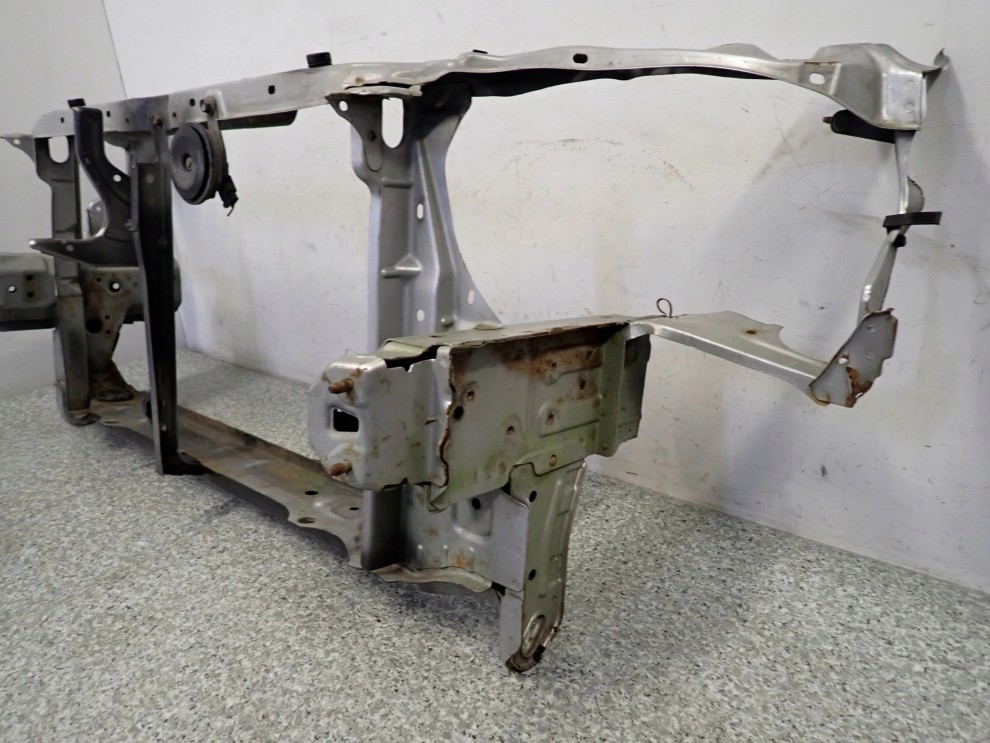TOYOTA COROLLA E12 HB 02-04 PAS PRZEDNI WZMOCNIENIE 4/10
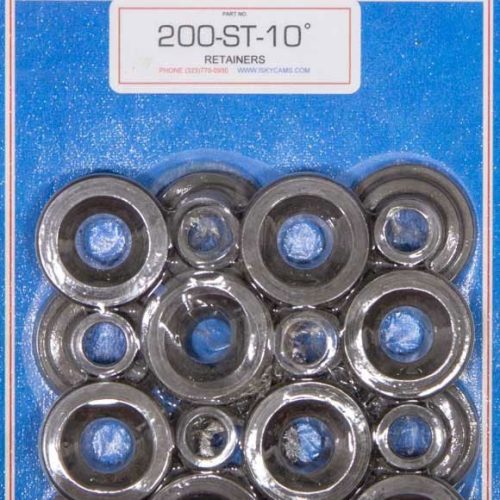 10 DEGREE MOLY RETAINER       SUIT VARIOUS SPRINGS SEE NOTES
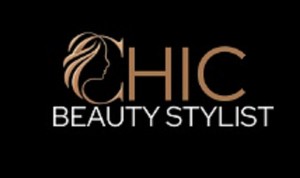 Chic Beauty Salon Logo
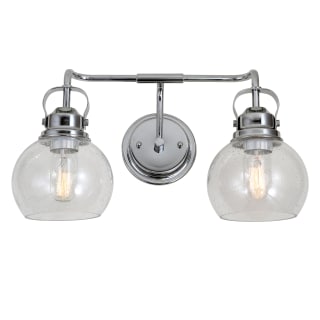 A thumbnail of the JONATHAN Y Lighting JYL7404 Chrome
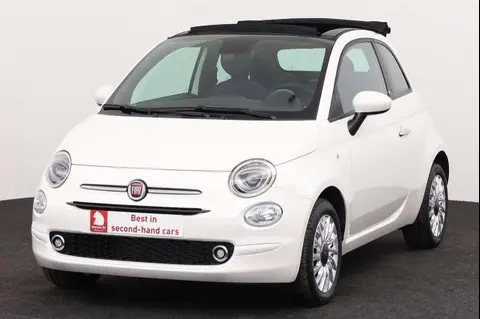 Annonce FIAT 500C Essence 2022 d'occasion 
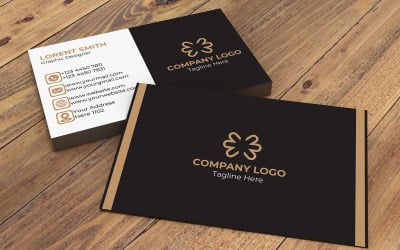 High-Quality Business Card New Templates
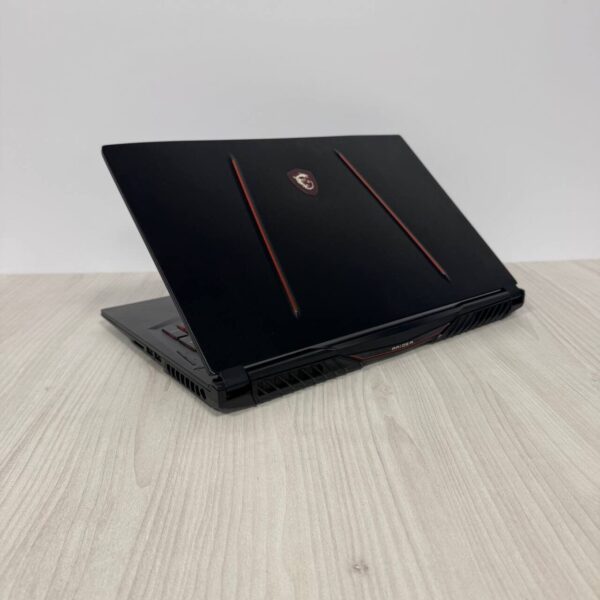 Ігровий ноутбук Б-клас MSI GE75 Raider 10SF / 17.3" (1920x1080) IPS / Intel Core i7-10750H (6 (12) ядер по 2.6 - 5.0 GHz) / 16 GB DDR4 / 512 GB SSD NVMe + 1000 GB HDD / nVidia GeForce RTX 2070, 8 GB GDDR6, 256-bit / WebCam - Зображення 6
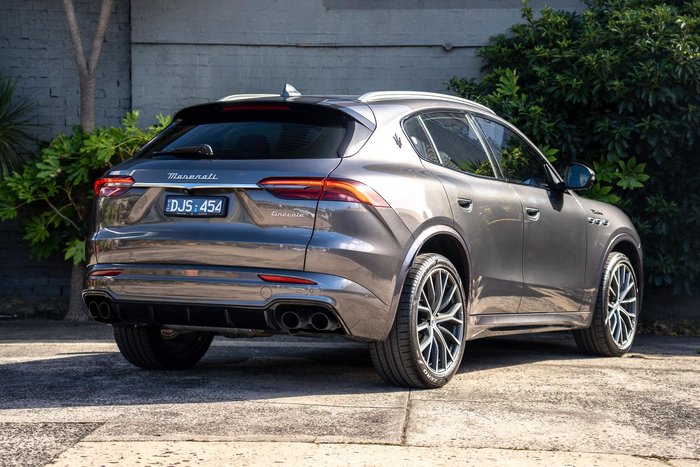 2023 Maserati Grecale Modena
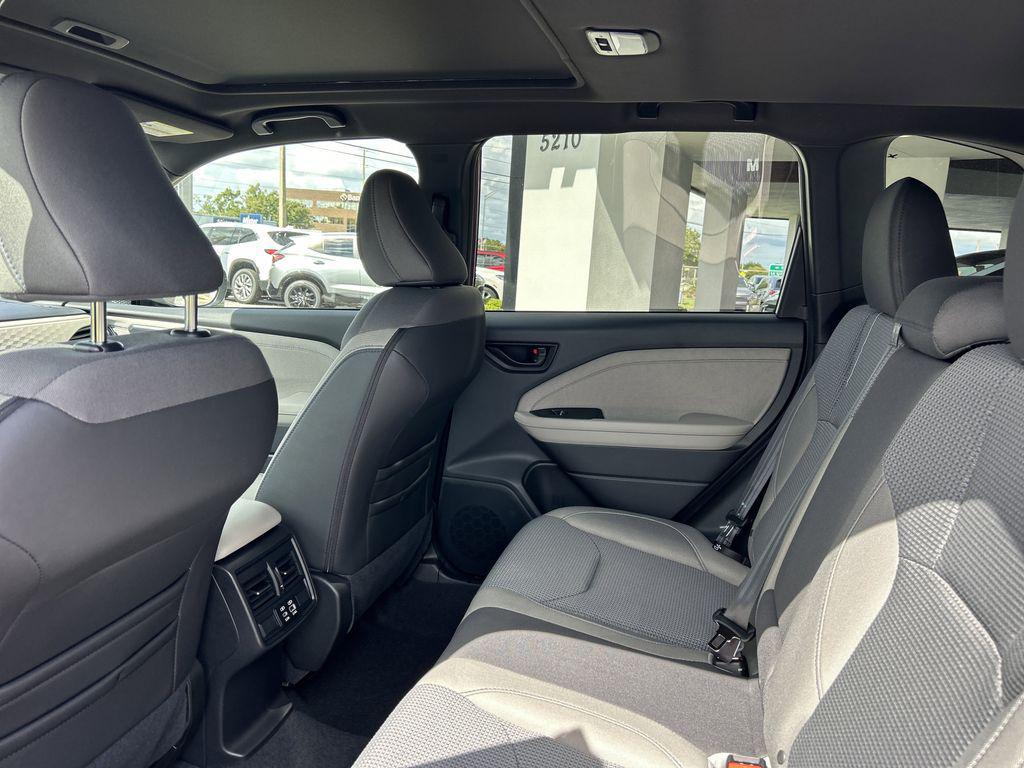 new 2025 Subaru Forester car, priced at $36,864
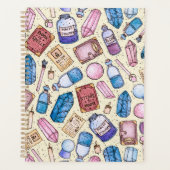 ウィッチー疑問に思プランナー プランナー手帳 (正面)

▶ **Required action**:
Please extract exactly the lines of the data, from the first through the line containing "High-Quality Business Card New Templates", and add no pictures to the copy.

▶ **Result**:
TOYOTA COROLLA E12 HB 02-04 PAS PRZEDNI WZMOCNIENIE 4/10
 10 DEGREE MOLY RETAINER       SUIT VARIOUS SPRINGS SEE NOTES
 Chic Beauty Salon Logo
 A thumbnail of the JONATHAN Y Lighting JYL7404 Chrome
 Annonce FIAT 500C Essence 2022 d'occasion 
 High-Quality Business Card New Templates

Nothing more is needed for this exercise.